Put some 1745/s on my good ol’ Mule, dunno what toddy’d say bout it, but works just grand, don’t nobody tell him, he might be offended.


----------



## Ibojoe (Mar 13, 2016)

That’s classic. One to be proud of.


----------



## MOJAVE MO (Apr 11, 2018)

I bet she hums!

Sent from my SM-G965U using Tapatalk


----------



## MakoPat (Mar 12, 2018)

I have a few on my build bench...nothing quite like a Mule.

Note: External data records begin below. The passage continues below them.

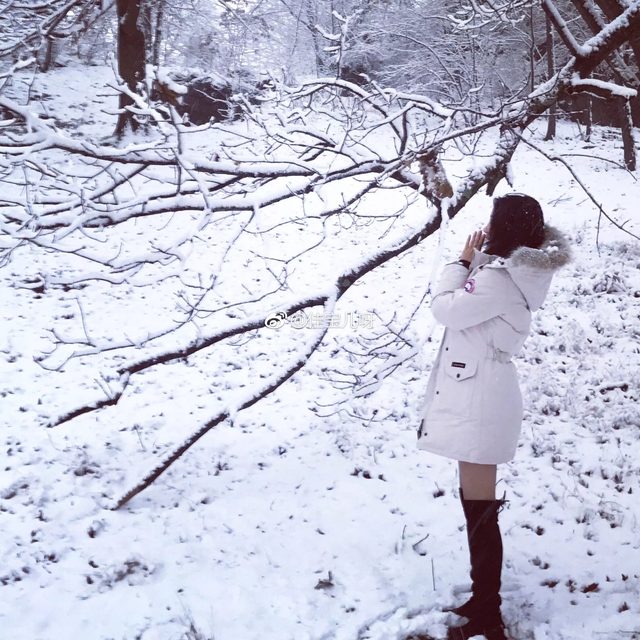 Tiểu Thang Viên｜Sherry Yang - 小汤圆sherry - Weibo – photo 277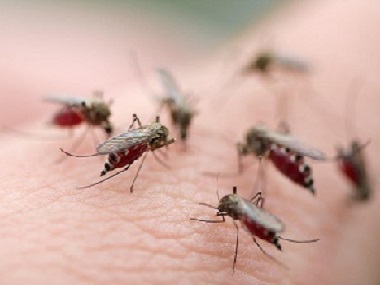 新华四害消杀公司杀死蚊子和苍蝇有没有什么好的办法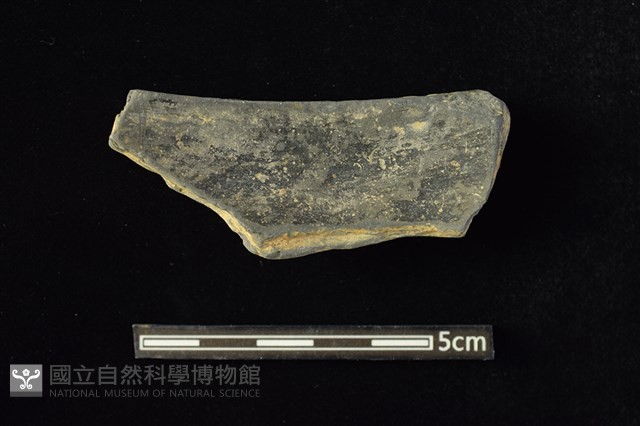 陶缽 藏品圖，第2張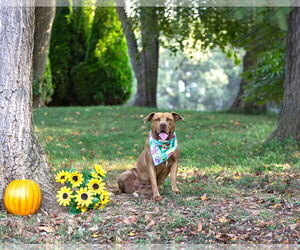 Medium Photo #10 Mutt Puppy For Sale in Unionville, PA, USA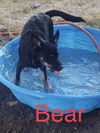 Lil Bear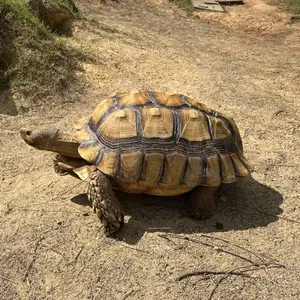 ホホジロザメ ホオジロザメ 鮫 サメ 歯 顎 アゴ 骨格標本 - メルカリ
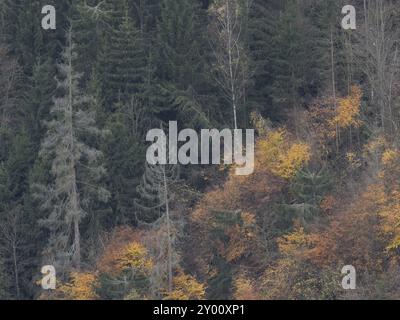 Herbstfarbener Bergwald im Hoellental in Oberfranken, mit zwei toten Lärchen links Stockfoto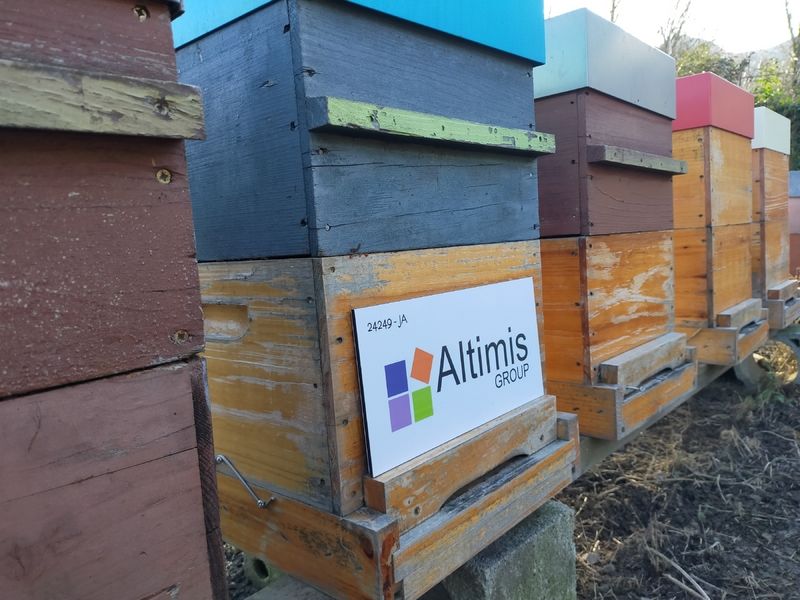 La ruche Altimis group & co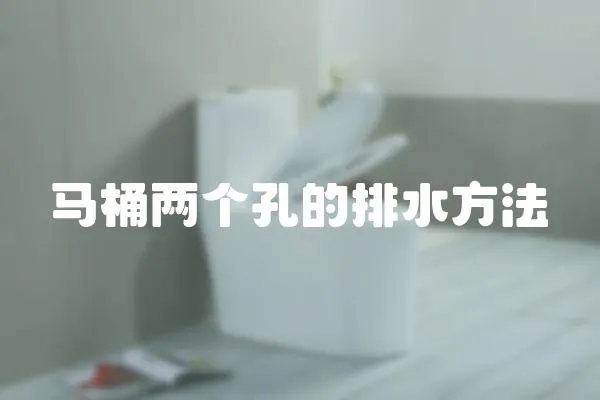 馬桶兩個孔的排水方法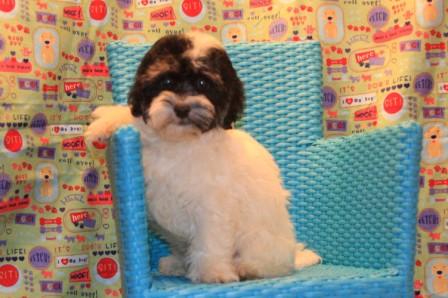 havanese puppies in san francisco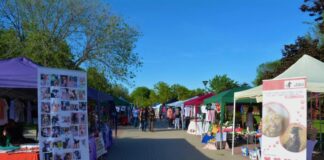La IV Feria de Adopción regresa a Alcorcón este fin de semana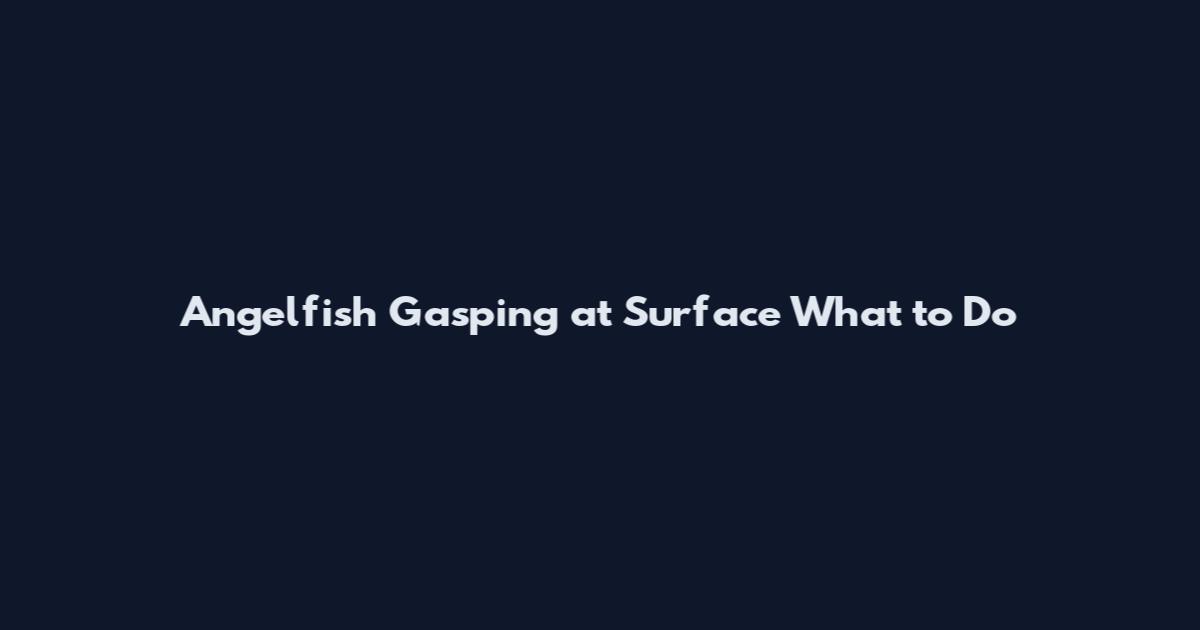 Angelfish Gasping at Surface What to Do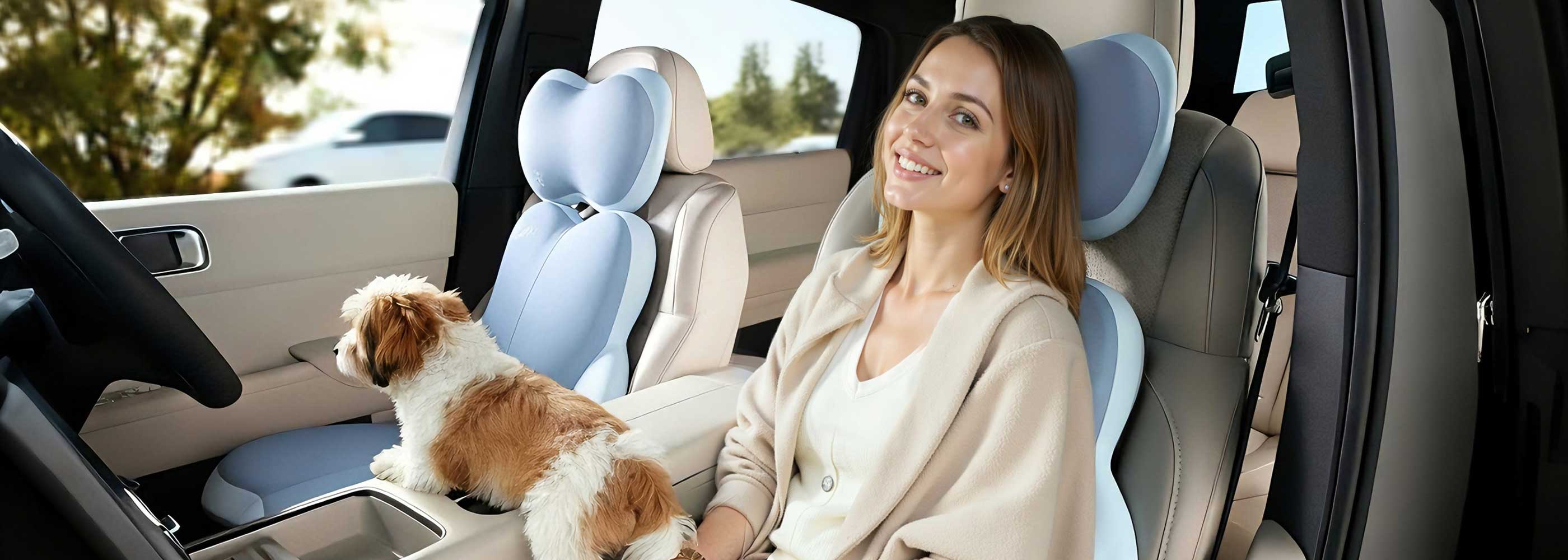 florich ergonomic seat cushion lumbar for driving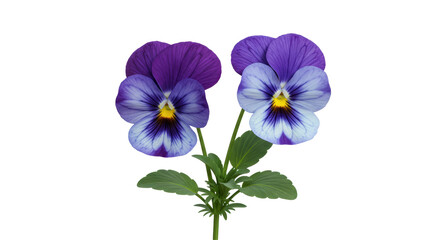 Isolated Two Pansy Flowers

I hope Toddy don't catch you tube shooting...or me either.

I like 1636 on a mmMini- Mule I make for looped tubes.

This one looks awesome, like a museum piece that wants to be handled.


----------



## mattwalt (Jan 5, 2017)

Thought Toddy perfected one of the simplest tube-attachments with the mule... Though double 1745 is a lot of elastic.


----------



## wll (Oct 4, 2014)

Yes, Toddy made some great Mules for sure, here is one of mine with orange dub using a gypsy tie.










wll


----------



## MOJAVE MO (Apr 11, 2018)

mattwalt said:


> Thought Toddy perfected one of the simplest tube-attachments with the mule... Though double 1745 is a lot of elastic.


The Snare-Wrap....is that correct?

Sent from my SM-G965U using Tapatalk


----------



## mattwalt (Jan 5, 2017)

Paracord gypsy tabs


----------



## 31610 (Aug 20, 2017)

Nice mule should work well with tubes


----------